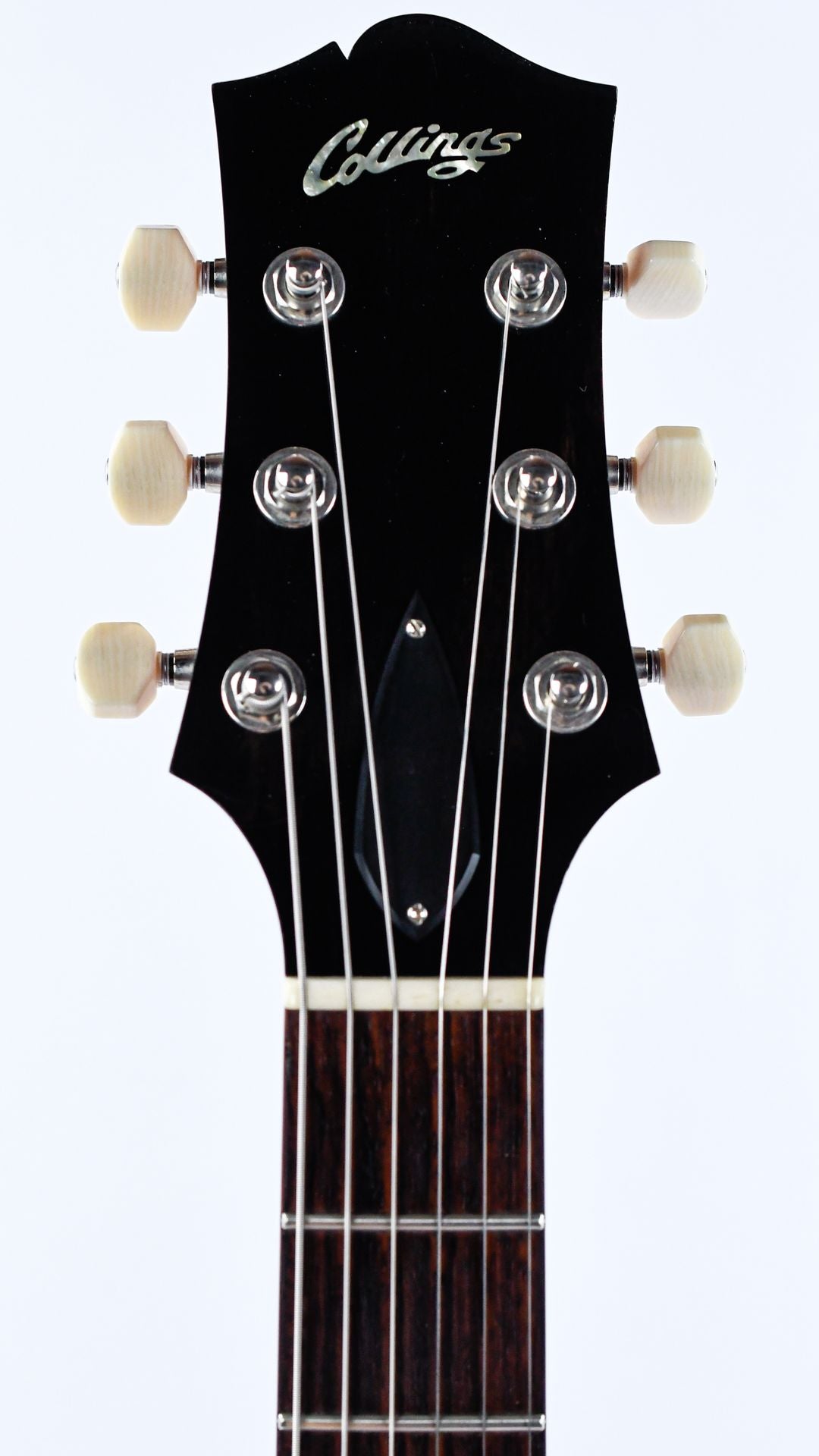 Collings I35LC Faded Cherry 2012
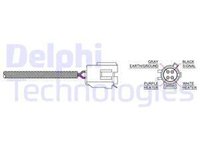 Sonda Lambda CHRYSLER NEON II DELPHI ES2004512B1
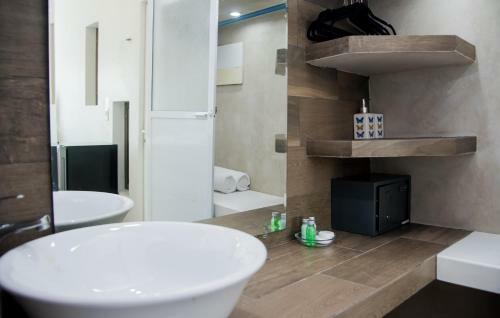 Hostal Villa Elena Isla Mujeres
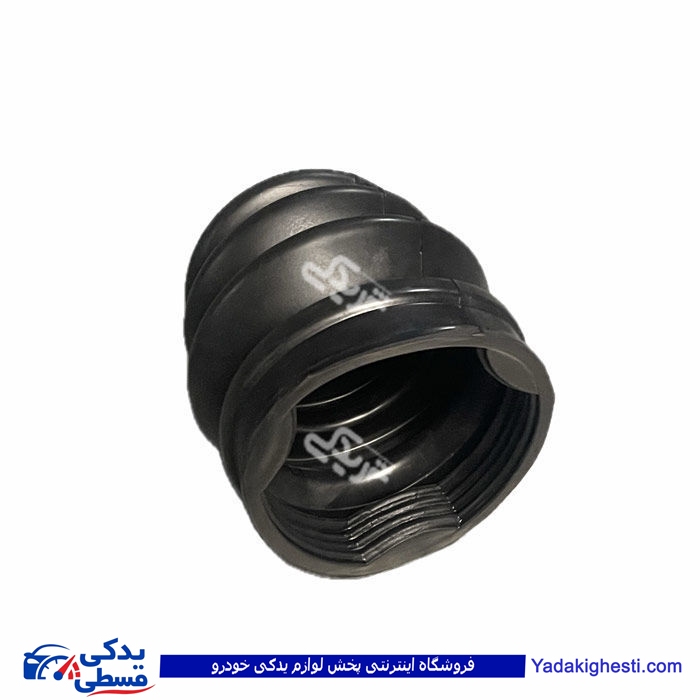 گردگیر پلوس سمت گیربکس مشکی نانو پراید NELSON 9000908214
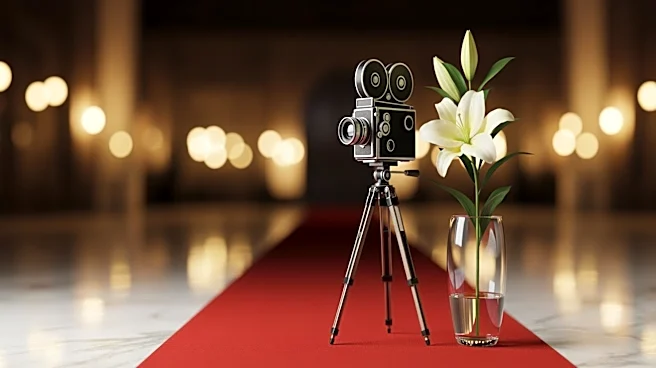 Sebastian Stan and Annabelle Wallis Attend Cannes Film Festival Amid Pregnancy Announcement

> [Requirement]
Within the listing above, find the line containing "گردگیر پلوس سمت", then print it and every line after it exactly, leaving out pictures.

> [Exercise result]
 گردگیر پلوس سمت گیربکس مشکی نانو پراید NELSON 9000908214
 Sebastian Stan and Annabelle Wallis Attend Cannes Film Festival Amid Pregnancy Announcement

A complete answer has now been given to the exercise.